Michigan was desperate.
"We had to battle and they had to come out and show their parents and the fans and everyone else that they're a better team," Berenson said.
And that challenge showed on the faces of players like captain Sean Peach, who led his team from its pre-game huddle in the Michigan net knowing it was a game his team simply had to win.
Forget records and conference standings, statistic totals and playoff points. Michigan's game Saturday night against Wisconsin was about restoring a team's confidence and setting a tone for the rest of the season.
And Michigan understood that.
"There's a lot of desperation coming in on a three-game slide," freshman Mark Mink said. "We were focused and we knew what we had to do."
That desperate need to win was evident in the way Michigan clawed its way back from behind early in the game to dismantle a Wisconsin offense with an inspiring defensive effort that held the Badgers to just two shots in the third period.
"All year we've been a good third period team," Peach said. "So maybe that's our secret to success, to be able to win the third period. We definitely did suck it up as a team to do the little things that we had to."
And that's what made the difference for Michigan on Saturday.
Desperate times pushed this Michigan squad to sometimes use desperate measures-none more desperate than those of Peach in the second period. Peach's acrobatic effort to save a Wisconsin goal with sheer will and the blade of his skate exemplified just what Saturday's game meant to the captain and his Wolverine teammates. Already trailing in the game, Peach threw his body in front of a Michigan net left unguarded as netminder L.J. Scarpace was racing to return to his post.

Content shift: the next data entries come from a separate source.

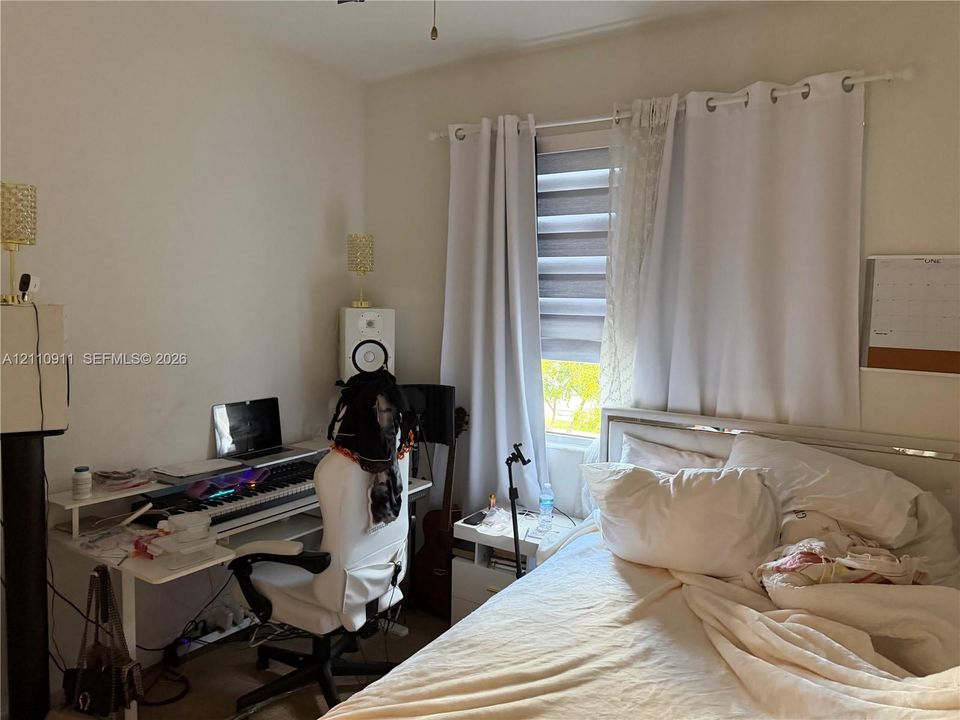 Room interior featuring neutral walls, a multi-textured window treatment with integrated roller shade, and a ceiling-mounted light fixture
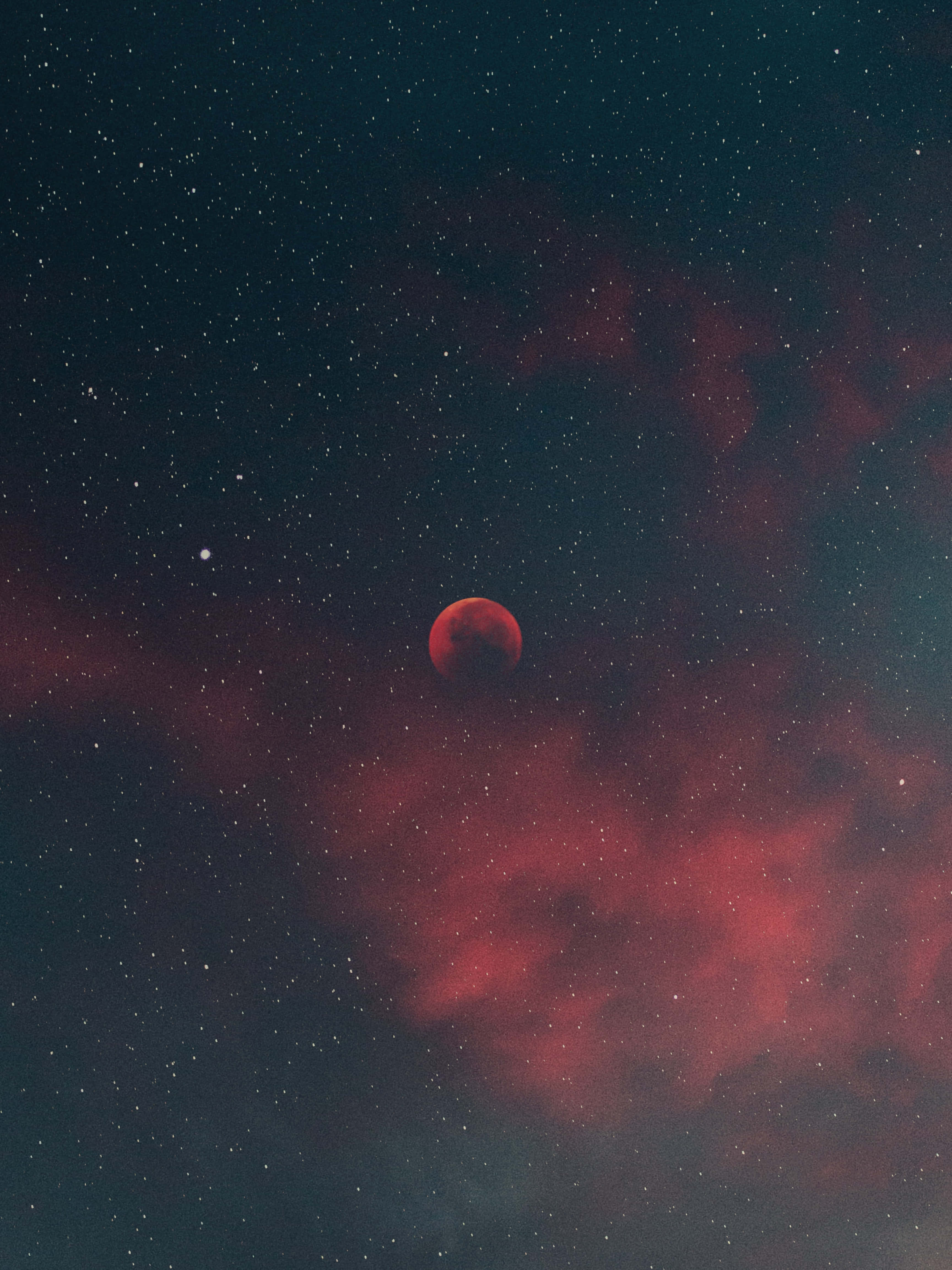 月夜星空 桌布 壁紙 — 一輪血紅色的月亮在旋轉的深紅色星雲和閃爍的星星之間發光，背景是深邃的宇宙夜空。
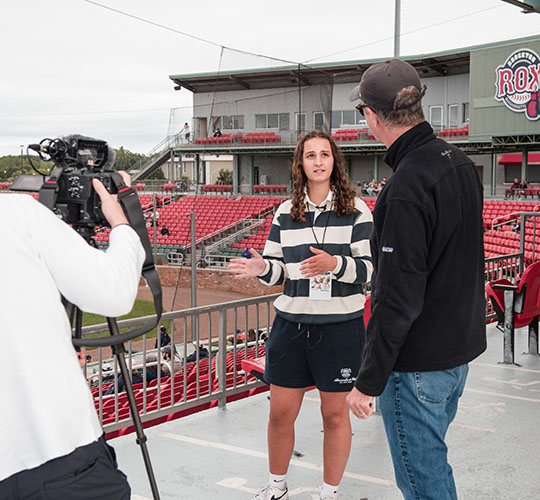 Student conducts interview at Fenway Park
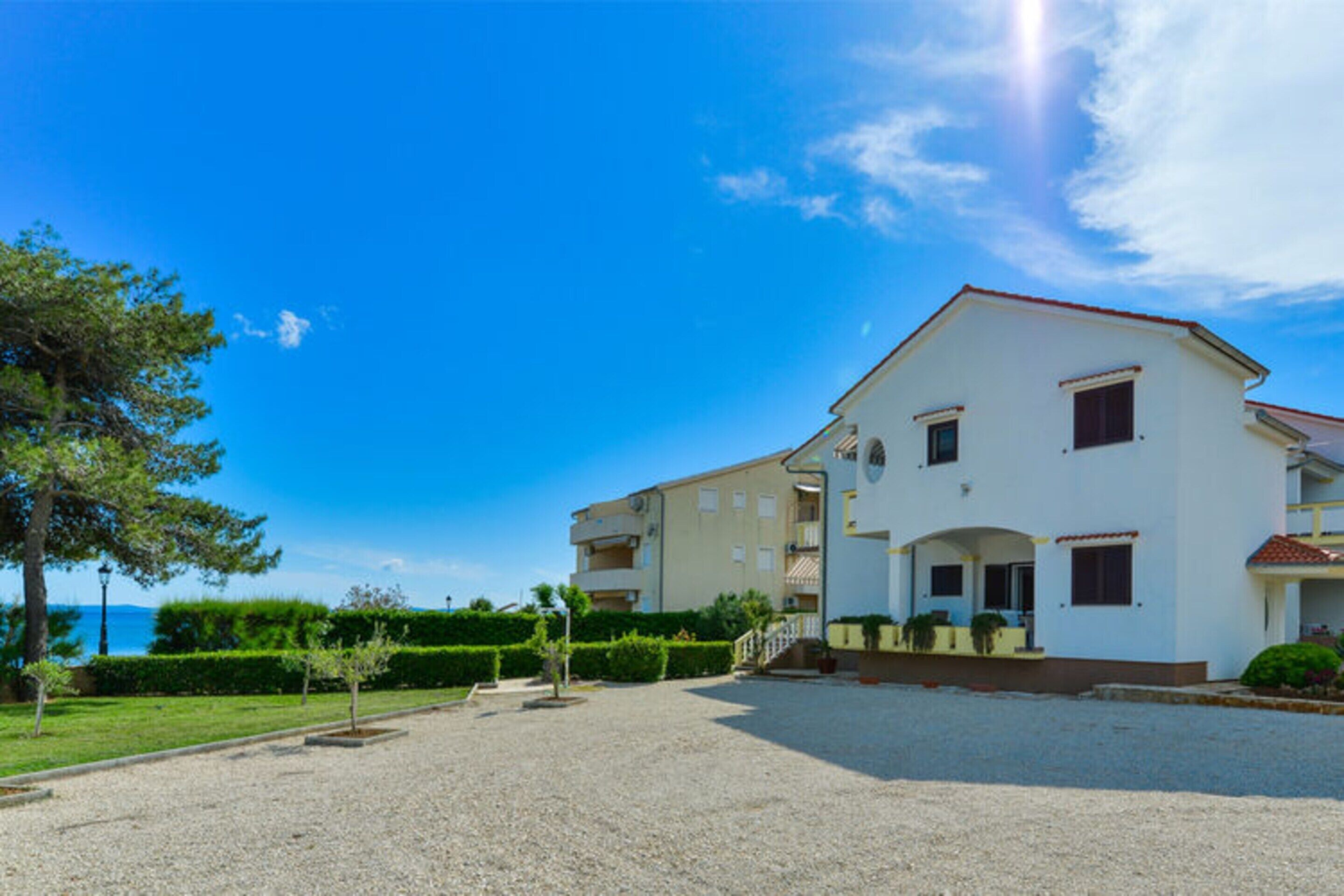 A two-story building with a white facade, multiple balconies, and a gravel driveway.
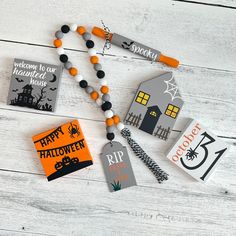 some halloween decorations are laying out on a table with white wood planks and black and orange beads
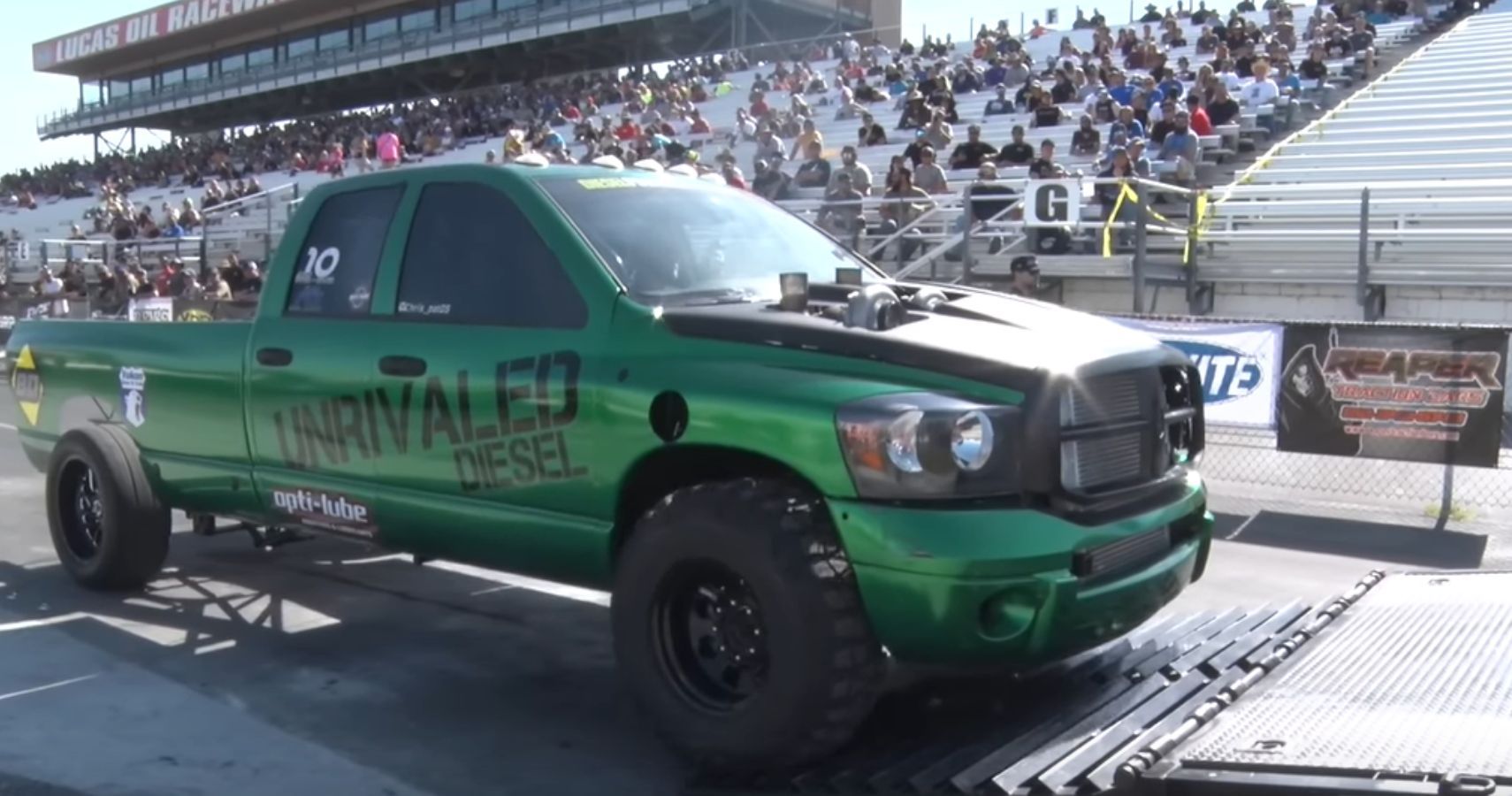 Front quarter view of green 2,600 horsepower Dodge Ram at event
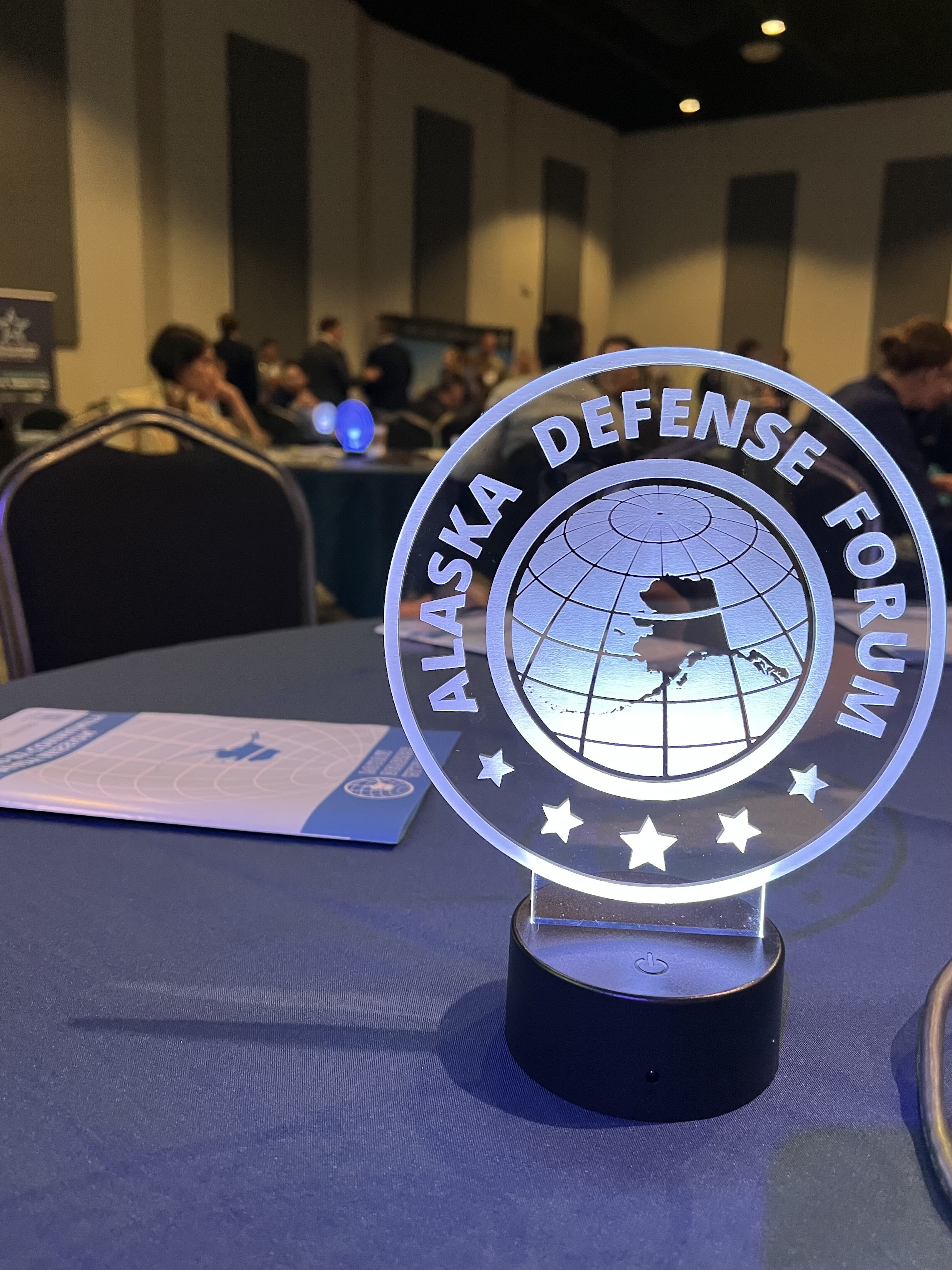 A glowing Alaska Defense Forum sign sits on a table at the 2025 event at the 8 Star Event Center in Fairbanks. The circular sign features an outline of Alaska over a globe, with conference attendees visible in the background.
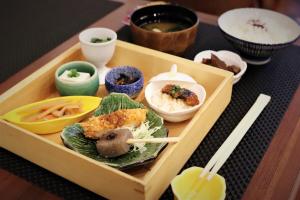 a wooden tray filled with food on a table at KOKO HOTEL Nagoya Sakae in Nagoya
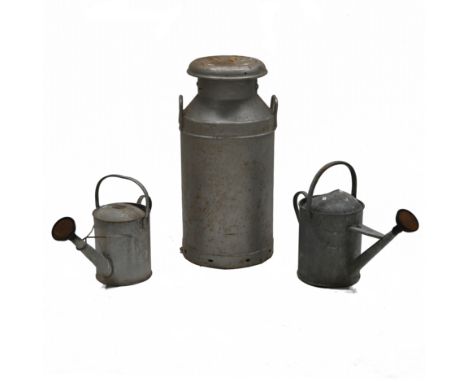 An galvanised milk churn with lid, "United Dairies", 74cm high, 35cm diameter, along with two galvanised watering cans, 2 gal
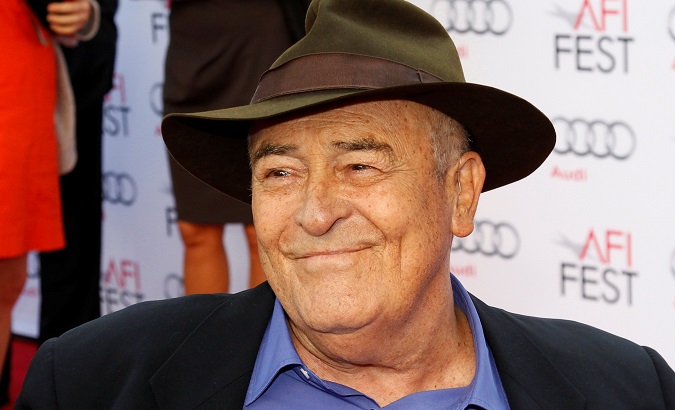Bertolucci is interviewed as he arrives for a gala screening of 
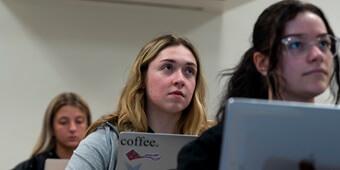 Three students with laptops in class
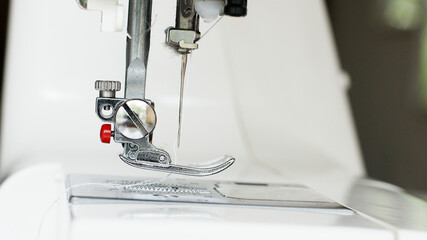 sewing machine foot and item of clothing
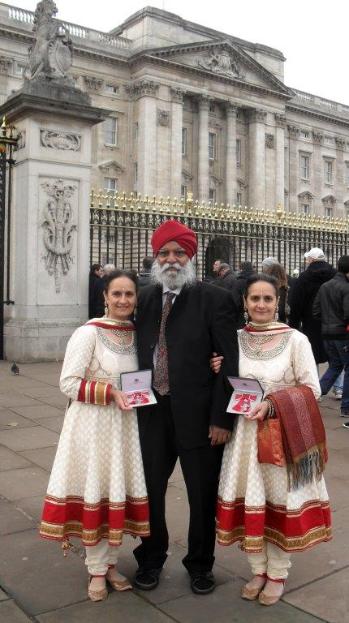 two women and man outside palace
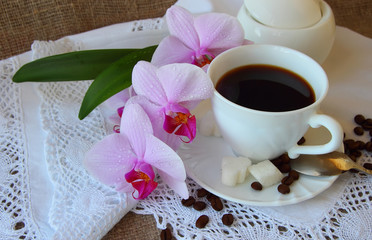 Cup of coffee and a branch of orchid.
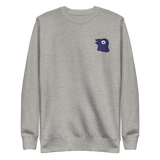 A light grey crewneck with the Corvid Conspiracy meeple embroidered on the left chest.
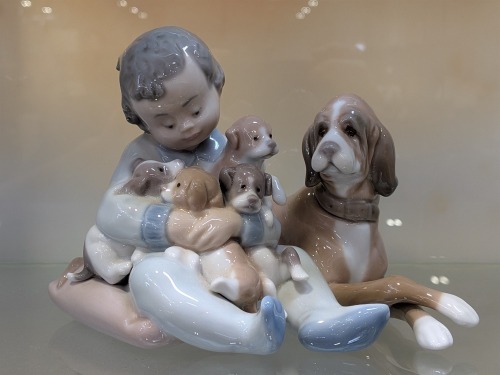 "Llardo" Child w/ Dog Figurine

"That's desperation right there," Peach said. "It came at a time when they were already up 1-0 and if that puck goes in suddenly it's 2-0. I just happened to get in front of it. I dove in front of the net and it hit off my skate. I was lucky."
And as Peach leads his team to Bowling Green this weekend to face the Falcons, maybe the Wolverines will see that the real luck was in going through an educational losing streak.
"We regrouped and we came out with more determination," Scarpace said of his team's 4-1 win over Wisconsin.
In bonding together when times seemed tough, maybe the young Michigan squad learned more about itself in losing than they could have in winning. It's still unknown if desperation has made Michigan a more focused squad.
What the Wolverines proved with certainty was that when the outlook seemed bleak and forecast looked treacherous, Michigan could deliver its best.